Personal information
- Full name: Calvin Peter Emayu
- Position: Winger

Team information
- Current team: Entebbe UPPC

College career
- Years: Team / Apps / (Gls)
- Uganda Martyrs University

Senior career*
- Years: Team / Apps / (Gls)
- 2024: Ntugasaze
- UWA Football Club
- 2026–: Entebbe UPPC

= Calvin Peter Emayu =

Ugandan footballer

Calvin Peter Emayu is a Ugandan footballer who plays as a winger for Uganda Premier League club Entebbe UPPC. He joined the club from UWA Football Club in September 2026. He also represented Uganda Martyrs University, helping the team win the 2024–25 University Football League.

== Career ==
=== University football ===
Emayu played for Uganda Martyrs University at the 2023 Association of Uganda University Sports Games.

In December 2024, he scored the first goal in a match between his team Uganda Martyrs against Makerere University where they won 2-1, in the men's football final of the Eastern Africa University Games.

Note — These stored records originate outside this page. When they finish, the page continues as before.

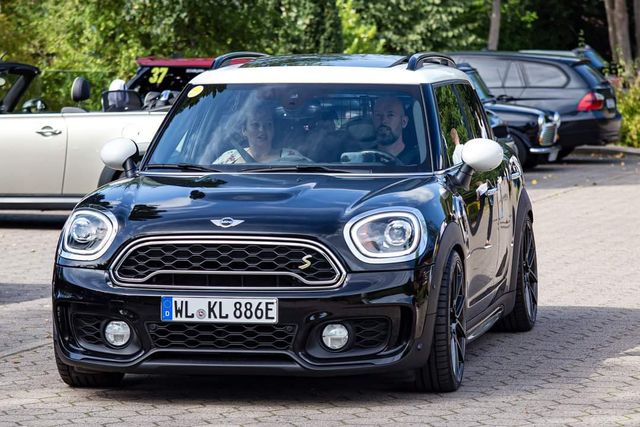 MINI Countryman SE Hybrid John Cooper Works VOLL
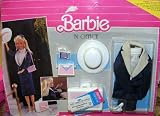 Barbie- Vintage Foreign (India) Night to Day Office Outfit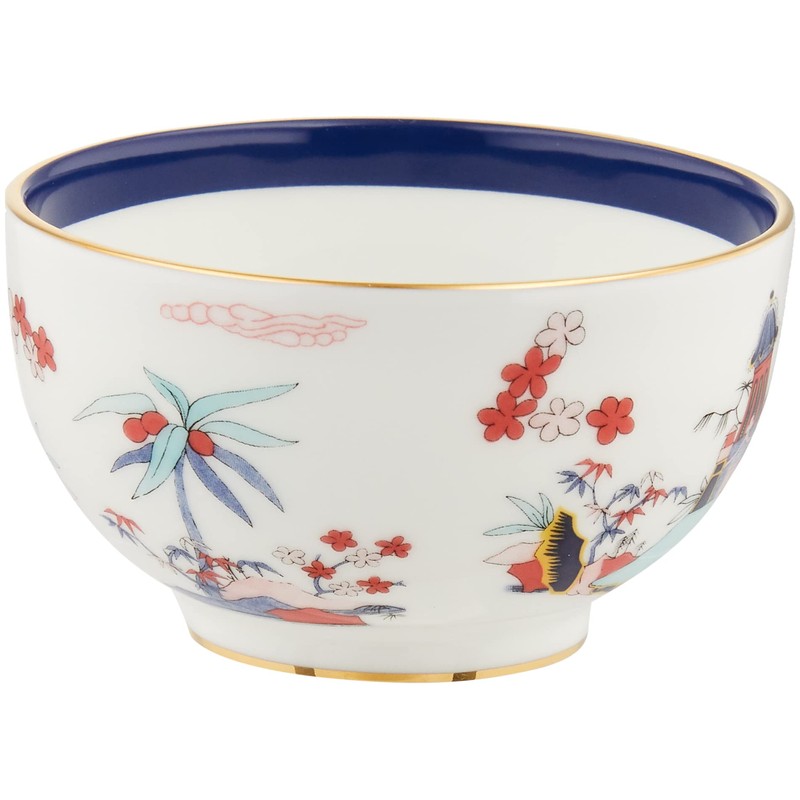 Wedgwood Wonderlust Blue Pagoda Tea Ball 150ml 1061305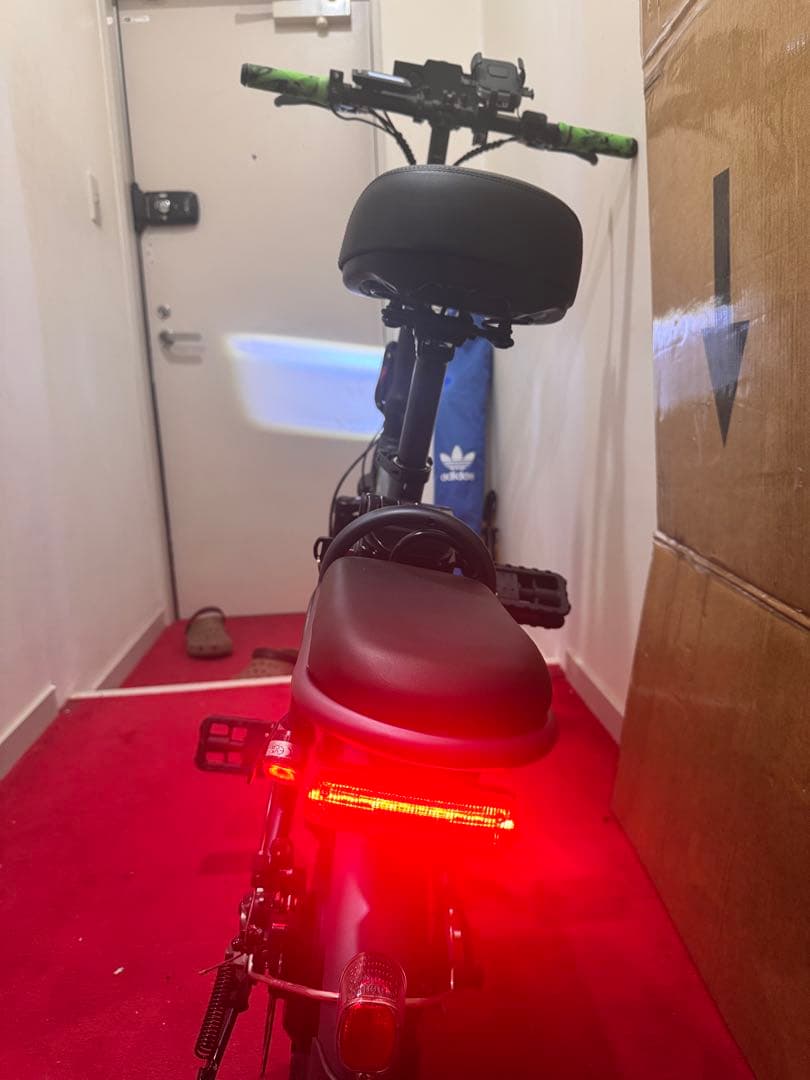 電動アシスト自転車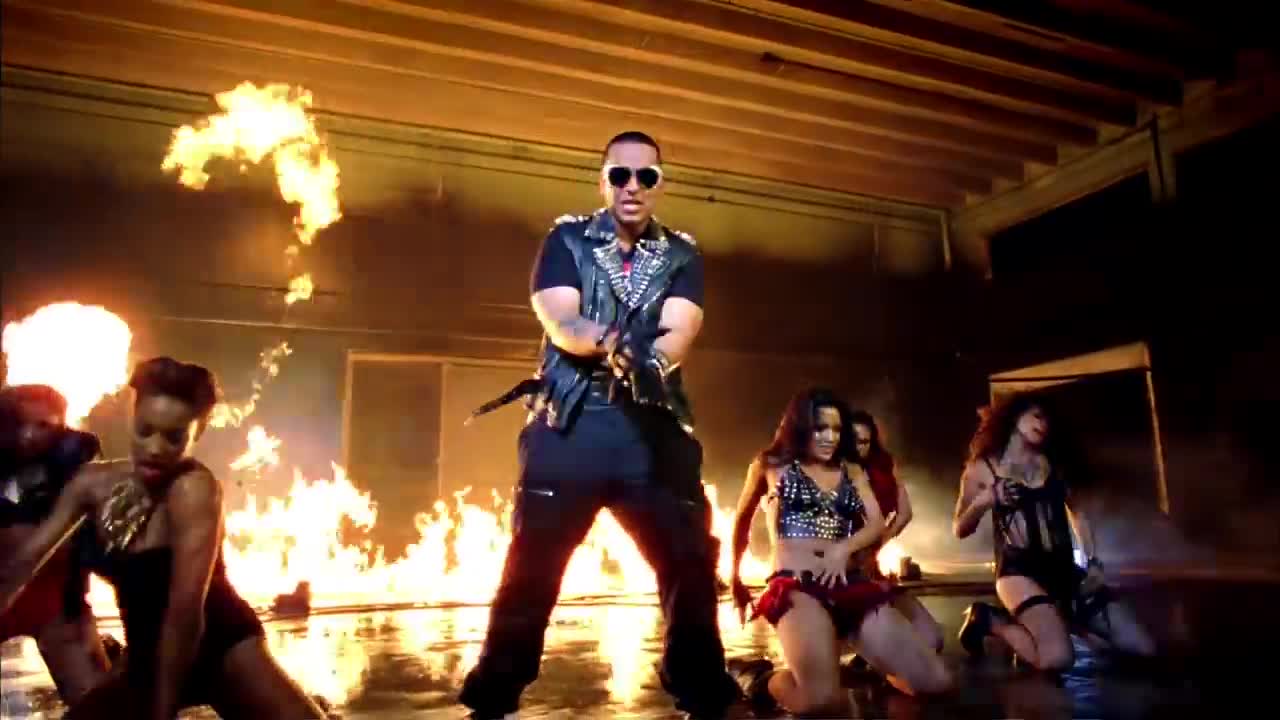 Daddy Yankee - Ven conmigo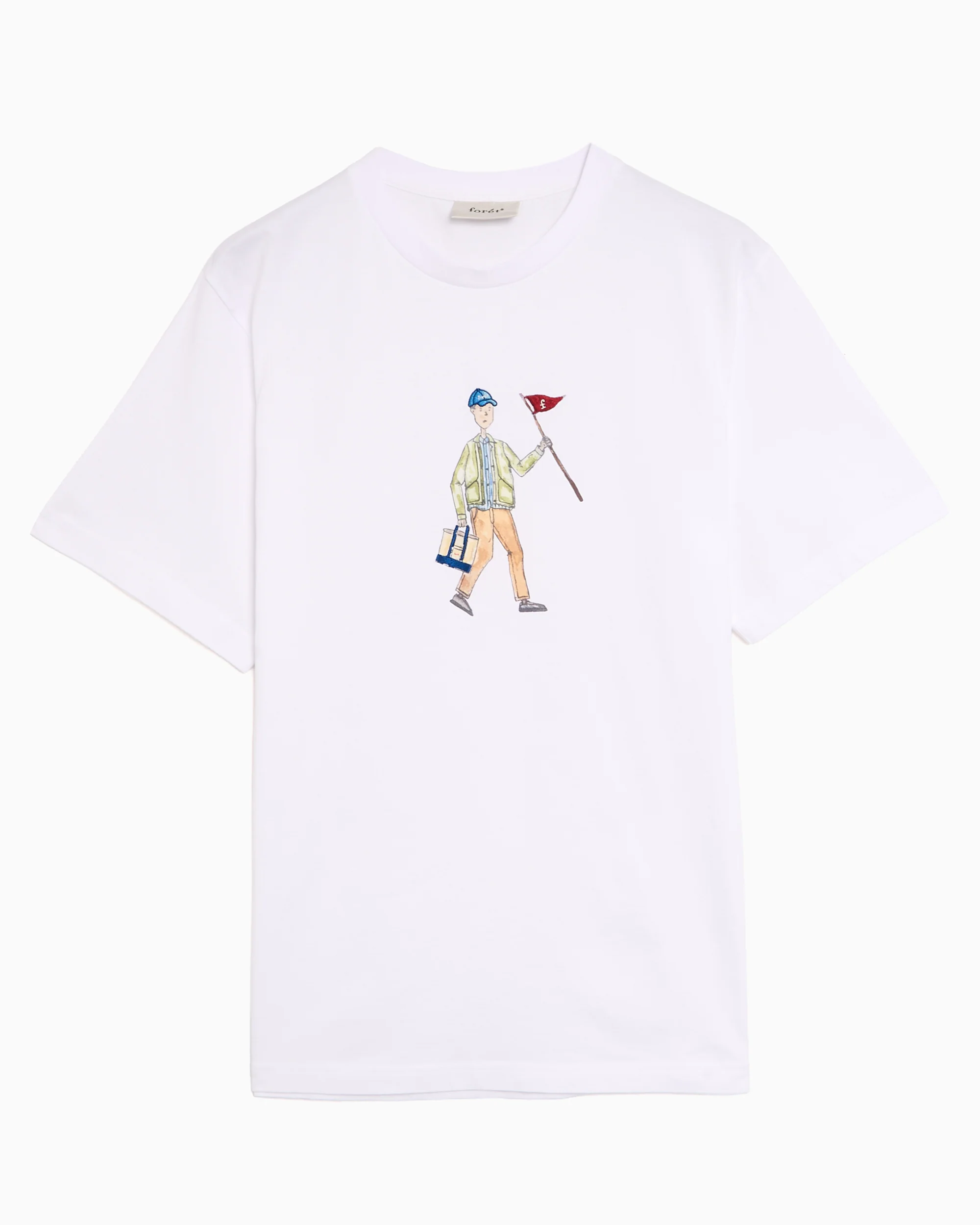 forét Patrol Herren-T-Shirt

On 27 April 2025, Emayu opened the scoring in the match of Uganda Martyrs against St. Lawrence University in the University Football League final at Muteesa II Stadium. His team won with 3-0 score, and this victory secured the university's third title. He also made an assist goal in this match.

After the tournament, the Uganda newspaper The Observer selected Emayu as the left winger in its team of the 2024–25 University Football League season.

=== Ntugasaze ===
Emayu played for Ntugasaze in 2024. On 27 June, he scored in the 75 minute of a match against Proline FC where his team won 2-0. Ntugasaze managed to secure promotion to the FUFA Big League for the 2024-2025 season.

=== Masaza competitions ===
Emayu also played in the Busoga Masaza Cup. He was also included in Kyaggwe's squad for the 2026 competition.

=== Entebbe UPPC ===
In September 2026, Emayu joined Entebbe UPPC from UWA Football Club on a two-year contract.